*** Opening of Dataset extract ***

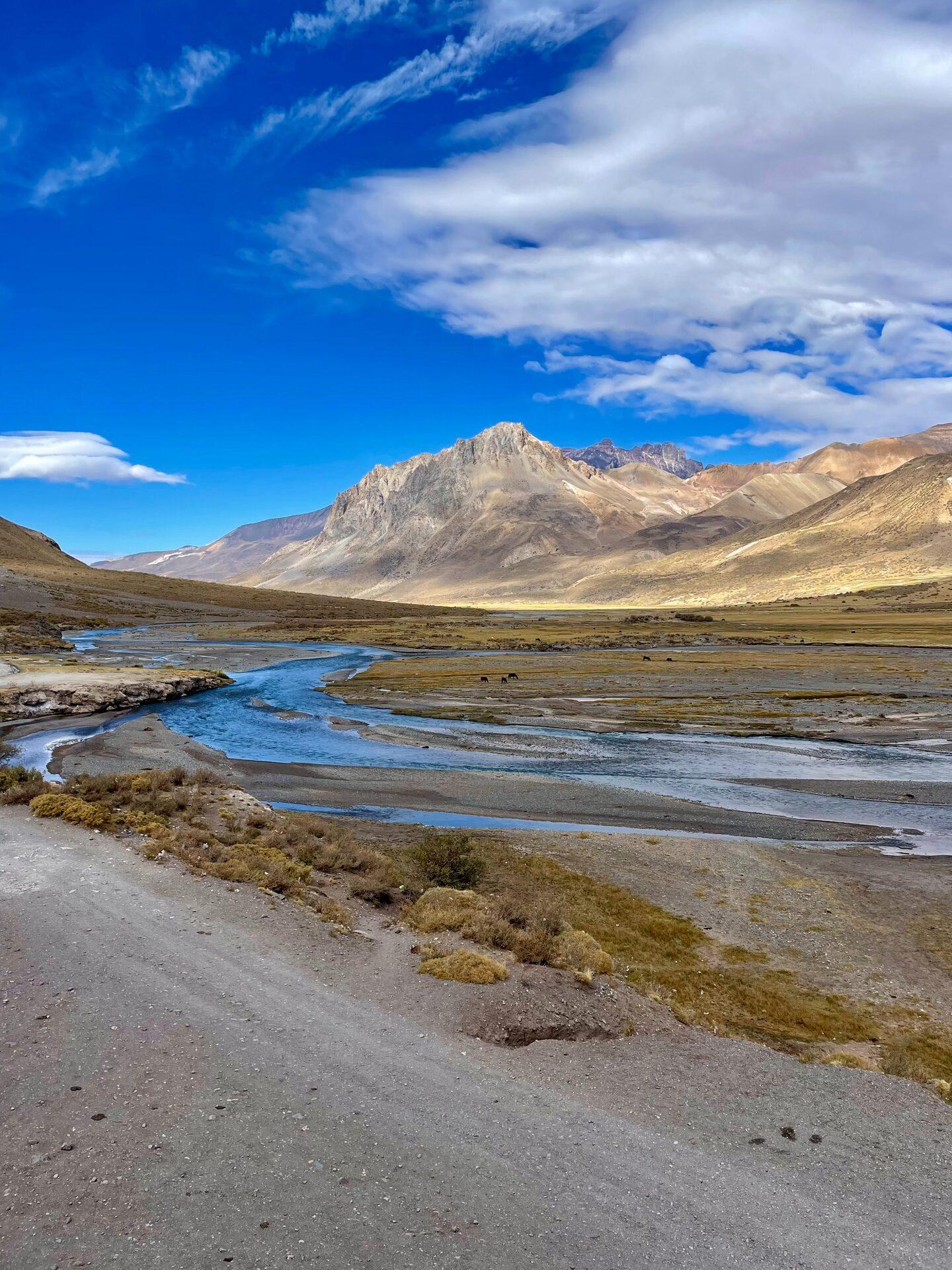 Wide high-altitude river valley near El Sosneado, Malargüe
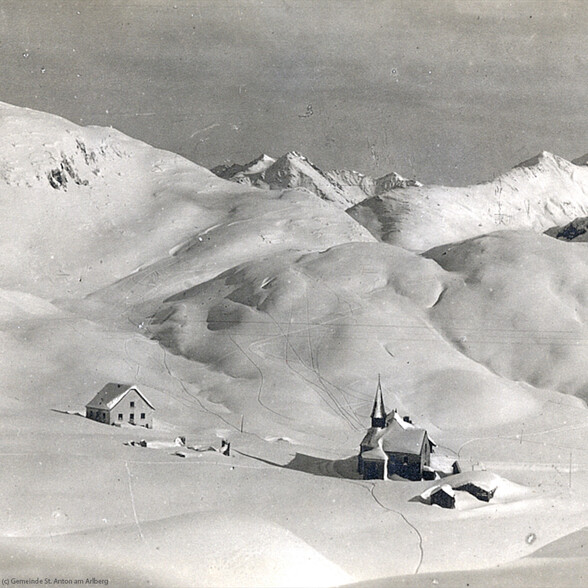 Eine historische Winteraufnahme zeigt eine kleine Kirche inmitten verschneiter Hügel in den Alpen.
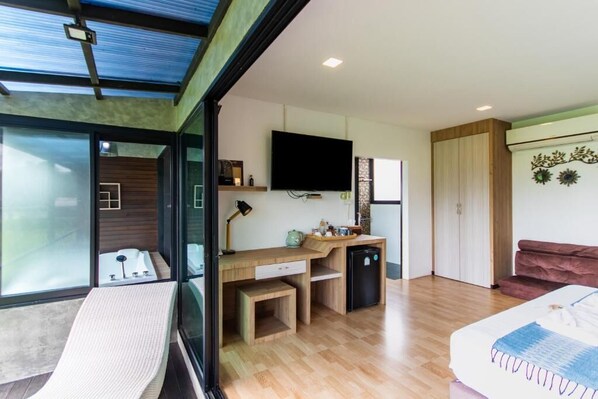 Una habitación moderna con escritorio, televisión, cama y puerta corrediza de vidrio que da a un balcón.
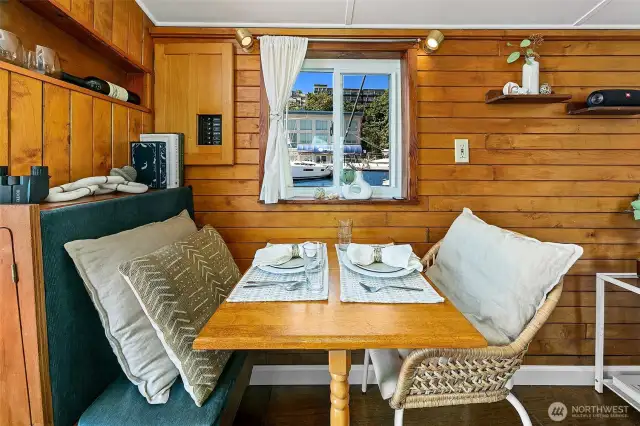 In the mess, rich wood paneling and built-in seating create a warm, intimate spot for dining or working, framed by a double-pane window that opens to fresh lake breezes.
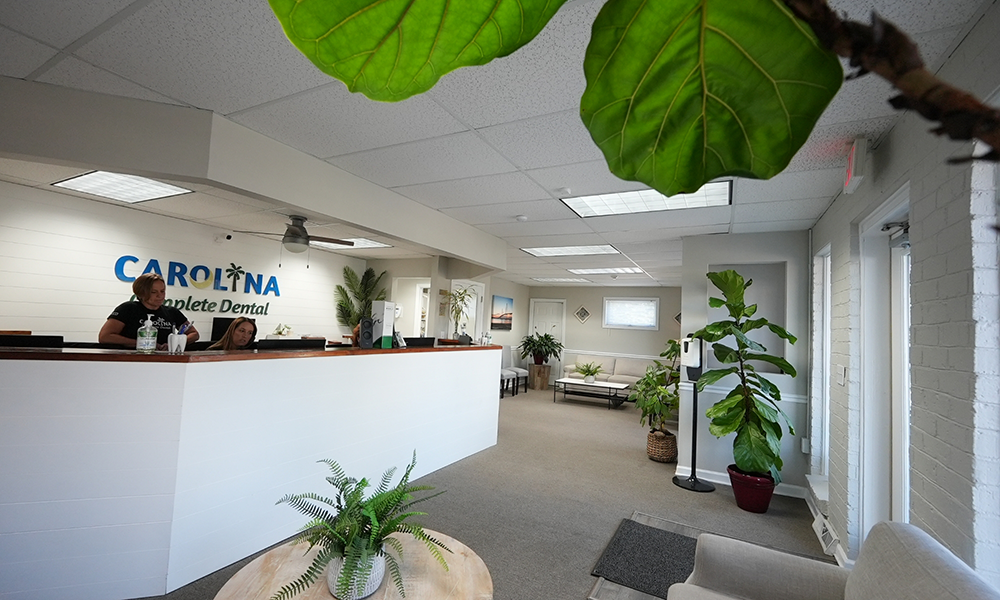 Reception area with Carolina Complete Dental sign on the wall behind the front desk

*** Close of Dataset extract ***

Restate exactly, please, only the lines between the start of the data and the line containing "Una habitación moderna", both ends included, skipping the pictures.

 Wide high-altitude river valley near El Sosneado, Malargüe
 Eine historische Winteraufnahme zeigt eine kleine Kirche inmitten verschneiter Hügel in den Alpen.
 Una habitación moderna con escritorio, televisión, cama y puerta corrediza de vidrio que da a un balcón.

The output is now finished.